Approximately 35,000 people worldwide have LHON, a genetic condition that affects the optic nerve, which sends visual information from the eye to the brain. In most cases, LHON – short for Leber’s hereditary optic neuropathy – leads to severe vision loss in both eyes, usually beyond the threshold of legal blindness and mostly among young men. In this episode of Ideas to Innovation Season 2, two special guests discuss the challenges of this rare disease on patients and their families. They help explain, too, the role and work of scientific research in seeking answers.
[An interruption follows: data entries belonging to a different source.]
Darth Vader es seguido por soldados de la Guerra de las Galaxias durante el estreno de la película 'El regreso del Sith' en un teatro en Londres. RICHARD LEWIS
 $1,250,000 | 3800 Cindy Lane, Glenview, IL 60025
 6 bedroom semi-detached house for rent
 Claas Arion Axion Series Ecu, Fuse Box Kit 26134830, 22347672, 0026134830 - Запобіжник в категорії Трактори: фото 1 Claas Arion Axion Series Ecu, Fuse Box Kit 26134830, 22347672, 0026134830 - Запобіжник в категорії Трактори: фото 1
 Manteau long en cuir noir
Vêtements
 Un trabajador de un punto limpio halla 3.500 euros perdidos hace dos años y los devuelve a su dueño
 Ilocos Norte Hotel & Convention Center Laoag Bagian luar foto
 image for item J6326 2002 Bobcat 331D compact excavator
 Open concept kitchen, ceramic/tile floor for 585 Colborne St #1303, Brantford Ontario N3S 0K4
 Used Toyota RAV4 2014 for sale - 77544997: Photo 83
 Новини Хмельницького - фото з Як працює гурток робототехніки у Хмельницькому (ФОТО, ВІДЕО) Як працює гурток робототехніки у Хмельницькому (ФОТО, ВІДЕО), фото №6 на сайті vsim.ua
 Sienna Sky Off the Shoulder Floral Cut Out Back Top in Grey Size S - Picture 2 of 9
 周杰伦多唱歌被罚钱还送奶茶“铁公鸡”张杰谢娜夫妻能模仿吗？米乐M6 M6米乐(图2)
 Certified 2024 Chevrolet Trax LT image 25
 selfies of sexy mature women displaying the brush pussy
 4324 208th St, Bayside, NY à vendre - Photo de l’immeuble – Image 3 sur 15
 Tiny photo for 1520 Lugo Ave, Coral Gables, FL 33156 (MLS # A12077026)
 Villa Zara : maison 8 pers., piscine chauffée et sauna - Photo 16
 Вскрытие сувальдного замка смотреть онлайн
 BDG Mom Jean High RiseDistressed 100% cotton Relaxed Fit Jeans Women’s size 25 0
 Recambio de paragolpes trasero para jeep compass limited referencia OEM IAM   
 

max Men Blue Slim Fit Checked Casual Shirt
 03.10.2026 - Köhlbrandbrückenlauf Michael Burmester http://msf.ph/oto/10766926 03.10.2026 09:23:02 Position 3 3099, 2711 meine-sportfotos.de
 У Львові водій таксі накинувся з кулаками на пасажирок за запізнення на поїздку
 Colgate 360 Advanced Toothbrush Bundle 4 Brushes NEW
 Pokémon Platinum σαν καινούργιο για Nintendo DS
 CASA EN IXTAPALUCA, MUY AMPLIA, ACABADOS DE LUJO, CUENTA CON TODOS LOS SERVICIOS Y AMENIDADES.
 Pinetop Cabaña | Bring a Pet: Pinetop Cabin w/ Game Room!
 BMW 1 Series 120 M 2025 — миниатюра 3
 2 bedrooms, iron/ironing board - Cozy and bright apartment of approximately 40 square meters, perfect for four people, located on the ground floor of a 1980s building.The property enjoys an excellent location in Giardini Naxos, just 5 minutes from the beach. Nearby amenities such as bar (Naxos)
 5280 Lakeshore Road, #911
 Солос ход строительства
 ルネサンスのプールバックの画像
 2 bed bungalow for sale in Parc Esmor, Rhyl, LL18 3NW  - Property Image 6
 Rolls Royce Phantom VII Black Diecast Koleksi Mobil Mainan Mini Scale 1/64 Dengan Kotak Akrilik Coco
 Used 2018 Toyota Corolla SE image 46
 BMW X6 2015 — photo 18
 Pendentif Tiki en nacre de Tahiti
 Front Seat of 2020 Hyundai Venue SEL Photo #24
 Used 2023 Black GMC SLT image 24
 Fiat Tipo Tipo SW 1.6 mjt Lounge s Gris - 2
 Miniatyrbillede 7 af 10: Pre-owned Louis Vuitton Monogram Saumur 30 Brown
Our first guest, Lissa Poincenot, is the mother of a son who became affected by LHON in 2008 when he was 19 years old, and a daughter who was affected in 2018 at age 26. Today, Lissa, a resident of Carlsbad, California, is focused on supporting and developing the LHON community. She is a published author and founder of the www.lhon.org, a global network of Facebook groups and support groups among people whose lives have been impacted by LHON. Shyama Ghosh, our second guest, is senior principal content editor at Clarivate, based in Antwerp, Belgium. She has a strong interest in rare diseases and advocates for relevant reporting to increase awareness about such conditions. During the COVID-19 pandemic in 2020, Shyama was part of a team of Clarivate epidemiologists who created a COVID-19 medical dashboard to help vaccine manufacturers harness the large volume of information emerging from various sources.